Heute gibt man es billiger
Anders ist es nicht zu verstehen, dass ORF und Print-Boulevard rund um Allerheiligen das Land von mit dem Rausschmiss und der Wiederaufnahme eines ver-haltensoriginellen B-Promis bei einer ORF-Show behelligten. Zyniker könnten da ja argumentieren, es sei gut, wenn sich öffentliche Emotion auf solch ein Stellvertreter-Krieglein zwischen einem Society-Reporter, der seinen Zenit schon hinter sich hat, und dem Rüpel-Rapper fokussiert. Der Public Value des ORF bestünde dann darin, dass die Anstalt alle möglichen unaufgearbeiteten Gefühle, die überall herumschwirren, auf einen (inszenierten?) Konflikt zwischen zwei Role Models lenkt. Immerhin hätte der die Aufregung begleitende und befördernde Print-Boulevard dann keine Veranlassung, auf andere populistische Themen zu setzen.
Wenn man die Verblendung solcher Argumentation weitertreibt, findet man in dem Ganzen eine mit maximalem Gestus vorgetragene Trivialisierung der großen Erzählungen der Menschheit wieder: Der ORF dachte sich nicht einmal etwas dabei, das Sido-Heinzl-Geplänkel in einem Club 2 intellektuell sezieren zu lassen. Aber die großen Themen - Konflikt, Gewalt, Kampf, Strafe, Schuld, Versöhnung: All das findet man hier doch jugendgerecht aufbereitet - oder?

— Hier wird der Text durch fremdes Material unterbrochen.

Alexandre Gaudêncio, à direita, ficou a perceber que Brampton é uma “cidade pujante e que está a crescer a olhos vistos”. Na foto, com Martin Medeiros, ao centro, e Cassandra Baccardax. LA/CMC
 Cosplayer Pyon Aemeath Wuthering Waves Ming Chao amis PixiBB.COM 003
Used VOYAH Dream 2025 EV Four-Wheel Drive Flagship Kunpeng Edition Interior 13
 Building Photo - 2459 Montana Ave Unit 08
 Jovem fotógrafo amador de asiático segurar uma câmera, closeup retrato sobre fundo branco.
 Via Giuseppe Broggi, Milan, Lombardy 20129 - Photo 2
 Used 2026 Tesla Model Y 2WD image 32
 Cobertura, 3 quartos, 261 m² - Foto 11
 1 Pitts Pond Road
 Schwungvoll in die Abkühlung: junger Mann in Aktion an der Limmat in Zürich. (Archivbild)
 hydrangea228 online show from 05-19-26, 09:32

Vor 150 Jahren arbeitete das Bildungsbürgertum solches an der Auseinandersetzung mit Raskolnikow und vergleichbaren literrarischen Figuren ab. Heute geht selbiges ins Kino und schaut sich Woody Allens "Match Point“ an, der die Dostojewski’schen Konflikte leicht konsumierbar auf die Leinwand bringt. Und weil es das Bildungsbürgertum somit schon viel billiger gibt, warum sollte man es einer bildungsbürgertumsfernen Jugend verdenken, sich ihr Lebenswissen bei der "Großen Chance“ zu holen?
Richtige Role Models suchen
Man darf nicht in die Falle solcher Argumentation tappen. Denn das würde implizieren, der TV-Anstalt einen pädagogischen Impetus zuzubilligen. Wir behaupten, dass Sidos Rückkehr in die "Große Chance“ allein der Quote geschuldet war. Das sollte nicht mit hehren Motiven verbrämt werden. Schließlich hätte dann sogar das auf einem Privatsender bald wieder zu sehende "Dschungelcamp“ erzieherische Wirkung, weil beim Verschlingen von Würmern die eigentlichen menschlichen Qualitäten der dort Teilnehmenden erst richtig auf dem Prüfstand stehen …
Es soll nicht bestritten werden, dass in der Gesellschaft Orientierung vonnöten ist und dass diese bei den Jungen auch und gerade über Role Models transportiert werden kann. Wenn also auf dem Küniglberg Hirnschmalz sichtbar darin investiert würde, Role Models zu entwickeln und zu engagieren, die ein dieser Zeit und Gesellschaft adäquates Lebenswissen vermitteln, wäre viel gewonnen.
Man wird disbezüglich ja noch hoffen dürfen.